C Program Compilation Process - Source to Binary

Advertisement

You might know how to write a C program, but do you know how the C program is compiled and converted to binary. In this blog, we’re going through the steps to get a  compiled C output and learn about the C Program Compilation process to convert source code to binary.

What is a Compiler?

In computing, a compiler is a computer program that translates computer code written in one programming language (the source language) into another language (the target language). The name “compiler” is primarily used for programs that translate source code from a high-level programming language to a lower level language (e.g., assembly language, object code, or machine code) to create an executable program.

Types of C Compilers

Before jumping directly to the processes involved in the compiler. It’s worth knowing what types of C Compilers are present and which one is suitable for your development environment.

GCC

GCC stands for GNU Compiler Collection, is produced by GNU Projects.
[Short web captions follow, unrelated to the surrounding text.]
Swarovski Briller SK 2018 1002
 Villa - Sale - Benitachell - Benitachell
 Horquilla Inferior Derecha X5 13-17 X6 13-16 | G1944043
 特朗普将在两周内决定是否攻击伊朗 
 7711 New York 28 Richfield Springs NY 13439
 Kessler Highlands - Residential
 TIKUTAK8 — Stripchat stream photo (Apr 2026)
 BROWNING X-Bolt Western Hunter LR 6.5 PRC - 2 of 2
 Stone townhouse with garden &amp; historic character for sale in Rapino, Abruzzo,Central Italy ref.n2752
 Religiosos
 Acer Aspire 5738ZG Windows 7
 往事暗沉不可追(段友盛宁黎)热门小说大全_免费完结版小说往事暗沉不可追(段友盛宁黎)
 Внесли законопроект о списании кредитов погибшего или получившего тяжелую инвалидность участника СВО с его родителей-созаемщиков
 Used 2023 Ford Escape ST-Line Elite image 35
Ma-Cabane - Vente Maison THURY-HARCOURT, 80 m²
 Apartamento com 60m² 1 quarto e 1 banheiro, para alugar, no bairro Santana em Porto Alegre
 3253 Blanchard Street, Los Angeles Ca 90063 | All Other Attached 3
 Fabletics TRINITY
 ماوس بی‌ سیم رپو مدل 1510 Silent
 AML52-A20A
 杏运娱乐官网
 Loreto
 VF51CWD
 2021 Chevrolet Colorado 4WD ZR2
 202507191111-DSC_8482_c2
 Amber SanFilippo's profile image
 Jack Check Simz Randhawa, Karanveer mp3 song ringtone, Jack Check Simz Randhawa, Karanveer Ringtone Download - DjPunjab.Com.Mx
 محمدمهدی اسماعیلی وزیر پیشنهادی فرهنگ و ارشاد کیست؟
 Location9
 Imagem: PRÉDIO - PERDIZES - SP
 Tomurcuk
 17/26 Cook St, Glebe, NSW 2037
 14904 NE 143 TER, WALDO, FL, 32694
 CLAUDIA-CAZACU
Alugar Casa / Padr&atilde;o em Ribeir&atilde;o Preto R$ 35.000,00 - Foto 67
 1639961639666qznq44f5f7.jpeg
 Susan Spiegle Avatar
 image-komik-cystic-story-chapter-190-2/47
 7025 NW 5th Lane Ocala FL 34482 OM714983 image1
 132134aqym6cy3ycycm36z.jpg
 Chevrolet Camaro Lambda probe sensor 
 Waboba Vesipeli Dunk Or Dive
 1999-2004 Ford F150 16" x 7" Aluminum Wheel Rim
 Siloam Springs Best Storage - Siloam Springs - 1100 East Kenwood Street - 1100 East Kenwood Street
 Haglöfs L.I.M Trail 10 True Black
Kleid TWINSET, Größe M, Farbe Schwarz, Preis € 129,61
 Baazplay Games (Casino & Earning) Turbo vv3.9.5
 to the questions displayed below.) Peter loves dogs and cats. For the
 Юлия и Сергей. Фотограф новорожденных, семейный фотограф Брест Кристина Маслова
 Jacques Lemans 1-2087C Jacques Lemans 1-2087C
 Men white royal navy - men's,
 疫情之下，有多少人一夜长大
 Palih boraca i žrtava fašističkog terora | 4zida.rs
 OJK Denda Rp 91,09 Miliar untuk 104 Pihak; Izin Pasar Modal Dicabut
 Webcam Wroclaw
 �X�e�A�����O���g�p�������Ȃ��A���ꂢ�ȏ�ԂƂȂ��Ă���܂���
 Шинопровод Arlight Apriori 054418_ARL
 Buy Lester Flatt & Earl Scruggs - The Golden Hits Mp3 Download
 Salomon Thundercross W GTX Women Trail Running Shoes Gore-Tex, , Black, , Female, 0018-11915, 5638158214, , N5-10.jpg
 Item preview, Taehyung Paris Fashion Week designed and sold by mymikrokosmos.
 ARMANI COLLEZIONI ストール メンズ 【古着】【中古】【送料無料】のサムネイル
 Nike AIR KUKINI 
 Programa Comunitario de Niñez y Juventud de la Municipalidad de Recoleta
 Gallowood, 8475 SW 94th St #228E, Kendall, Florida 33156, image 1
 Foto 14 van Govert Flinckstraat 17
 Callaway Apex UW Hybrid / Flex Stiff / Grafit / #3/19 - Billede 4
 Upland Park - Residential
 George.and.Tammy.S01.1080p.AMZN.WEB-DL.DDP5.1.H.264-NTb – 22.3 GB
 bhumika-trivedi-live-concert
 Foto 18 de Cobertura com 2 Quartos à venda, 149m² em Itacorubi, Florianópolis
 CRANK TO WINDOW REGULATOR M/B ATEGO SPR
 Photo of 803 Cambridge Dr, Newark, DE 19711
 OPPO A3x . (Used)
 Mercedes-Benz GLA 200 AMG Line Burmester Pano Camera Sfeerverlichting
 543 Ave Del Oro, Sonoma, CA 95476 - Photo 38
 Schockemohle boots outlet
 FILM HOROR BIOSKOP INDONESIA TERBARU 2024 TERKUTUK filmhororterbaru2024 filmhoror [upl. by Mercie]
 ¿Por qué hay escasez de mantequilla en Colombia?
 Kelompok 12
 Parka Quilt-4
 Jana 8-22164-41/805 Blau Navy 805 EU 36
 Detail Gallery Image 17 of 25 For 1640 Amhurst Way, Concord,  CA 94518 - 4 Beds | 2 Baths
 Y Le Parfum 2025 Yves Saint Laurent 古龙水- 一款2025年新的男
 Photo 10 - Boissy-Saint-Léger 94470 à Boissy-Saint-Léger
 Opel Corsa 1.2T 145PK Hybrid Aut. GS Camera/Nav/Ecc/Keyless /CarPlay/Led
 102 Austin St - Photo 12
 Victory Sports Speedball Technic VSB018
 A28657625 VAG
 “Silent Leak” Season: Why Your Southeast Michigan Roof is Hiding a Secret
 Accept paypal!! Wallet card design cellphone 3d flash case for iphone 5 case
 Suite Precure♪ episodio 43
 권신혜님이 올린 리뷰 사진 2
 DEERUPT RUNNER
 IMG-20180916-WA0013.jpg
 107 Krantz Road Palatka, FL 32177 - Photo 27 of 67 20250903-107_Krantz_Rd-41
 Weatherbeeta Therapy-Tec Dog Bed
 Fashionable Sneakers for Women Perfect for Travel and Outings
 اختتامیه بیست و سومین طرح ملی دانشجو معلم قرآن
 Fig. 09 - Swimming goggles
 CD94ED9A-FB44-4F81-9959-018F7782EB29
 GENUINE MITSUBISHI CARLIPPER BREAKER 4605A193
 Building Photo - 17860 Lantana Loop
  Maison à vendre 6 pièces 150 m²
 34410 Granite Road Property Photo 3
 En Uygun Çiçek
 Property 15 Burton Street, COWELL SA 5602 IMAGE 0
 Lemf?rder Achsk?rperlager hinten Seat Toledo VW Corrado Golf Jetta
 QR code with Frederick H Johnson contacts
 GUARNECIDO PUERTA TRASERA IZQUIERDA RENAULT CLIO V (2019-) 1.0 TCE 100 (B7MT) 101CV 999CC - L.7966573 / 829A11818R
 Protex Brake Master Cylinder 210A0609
It’s a free compiler under the GPL(General Public License). In this blog, we are going to use this compiler to compile our c program.

Clang

This compiler uses the LLVM backend for compiling not only C but also C++, Objective-C, and Objective-C++.

Clang Compiler is mostly used by macOS users as:

GCC had caused some problems for developers at Apple, as the source code is large and difficult to use. So, they had come up with Clang.

Source – EDUCBA

To learn about all the compilers and the types of c compilers visit the list of compilers Wikipedia page.

Let’s now look at what the C compiler pipeline means.

C Program Compilation Pipeline

After we finish writing the code the first thing we do is compile it, it normally takes a few seconds for the compiler to compile the code and translate it to the machine language. But during this time, the Code goes through a series of steps to convert to an executable file. These compilation phases are in sequence, so they’re often called a pipeline.

Before we proceed further, there are two rules that we should know:

C Program Compilation Rule

  • Only Source files are compiled
  • Each Source File is Compiled Separately

The Components of the C Program Compilation Pipeline are:

  1. Preprocessor
  2. Compilation
  3. Assembly
  4. Linker

As a pipeline, the output of one component becomes the input of the next component, and this whole phase continues until the last product is collected from the pipeline. This will become clearer as you read the blog further.

The last by-product is also different for the system that you are compiling the program.

For Windows machine, an executable with .exe file is generated as a by-product, and for Linux, a .out file is generated.

One thing we need to note about the compilation pipeline is that it can only produce output if and only if the source file passes through all components of the compilation pipeline successfully.

Even a small failure in any of the components will lead to a compilation or linkage failure and give an error message.

Below is an image showing the steps for the compilation of the C program. The image describes the steps and the file created by the move. You may take a look at this picture for a quick reference to the entire compilation process.

You can use a single command to get all the intermediate files that are generated by the C program Compilation Pipeline.

$ gcc –Wall –save-temps cprogram.c –o cprogram

This will dump all the product file components in the same directory along with the executable file.

The -Wall option is used to display the error, if any, during the process. The -save-temps option in the GCC compiler driver is used to save all the intermediate files in the directory.

All intermediate files that will be saved are:

  • cprogram.i – Product by Preprocessor step
  • cprogram.s – Product by Compiler
  • cprogram.o – Product by Assembler
  • cprogram.out(Linux) /cprogram.exe(Windows) – Executable file (Last Product)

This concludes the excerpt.